* [TASK MATERIAL]:
▬▬▬
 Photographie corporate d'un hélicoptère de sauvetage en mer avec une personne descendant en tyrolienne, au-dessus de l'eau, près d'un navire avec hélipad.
▬▬▬
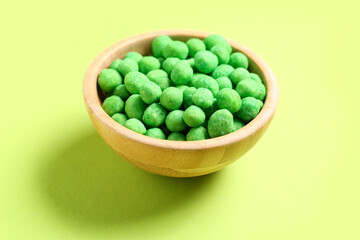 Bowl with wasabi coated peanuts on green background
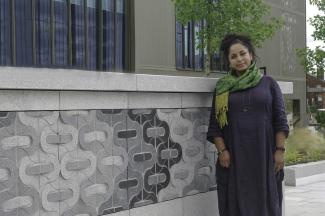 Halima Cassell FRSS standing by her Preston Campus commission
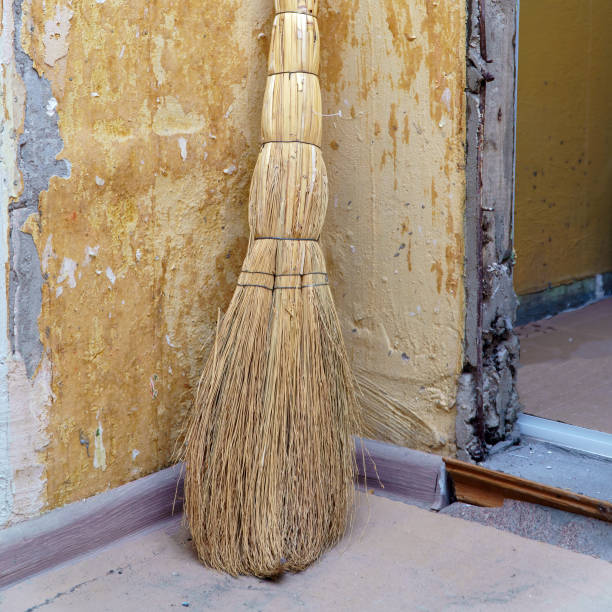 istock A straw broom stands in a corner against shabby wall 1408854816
▬▬▬
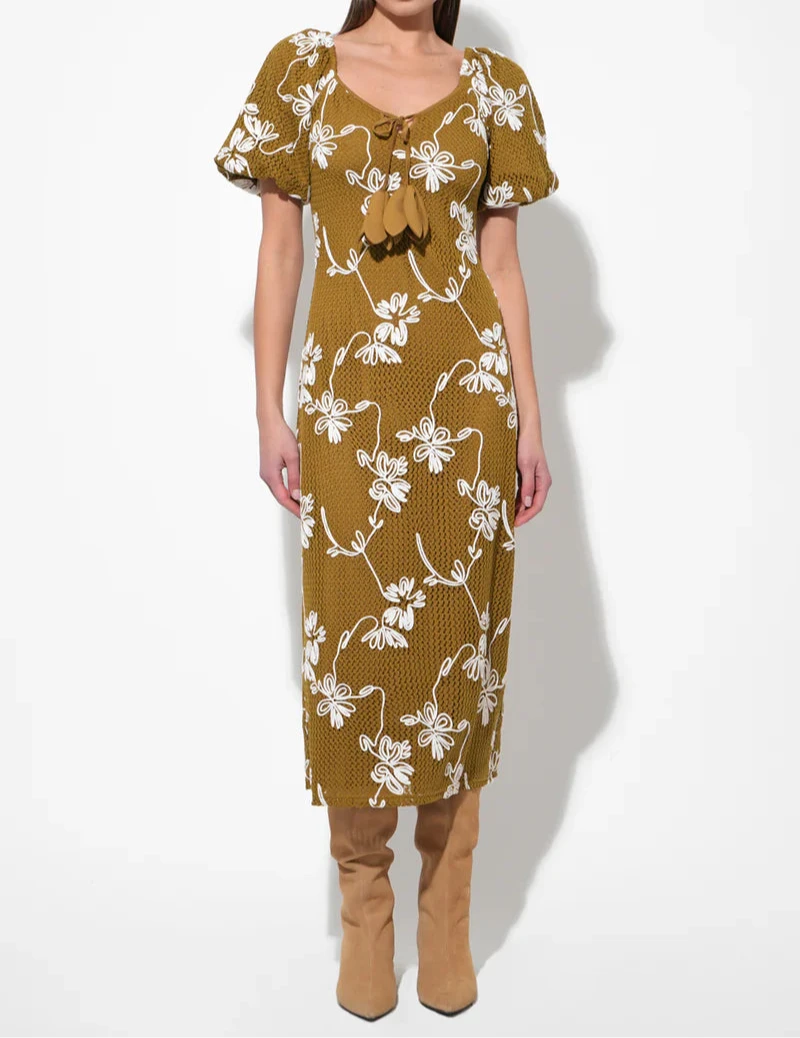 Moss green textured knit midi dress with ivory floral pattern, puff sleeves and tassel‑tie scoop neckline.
▬▬▬
* [EXERCISE AIM]:
Write out word for word the lines above that run from the one with "Bowl with wasabi" to the one with "istock A straw". Include both end lines; exclude the images.

* [RESPONSE TO THIS EXERCISE]:
 Bowl with wasabi coated peanuts on green background
 Halima Cassell FRSS standing by her Preston Campus commission
 istock A straw broom stands in a corner against shabby wall 1408854816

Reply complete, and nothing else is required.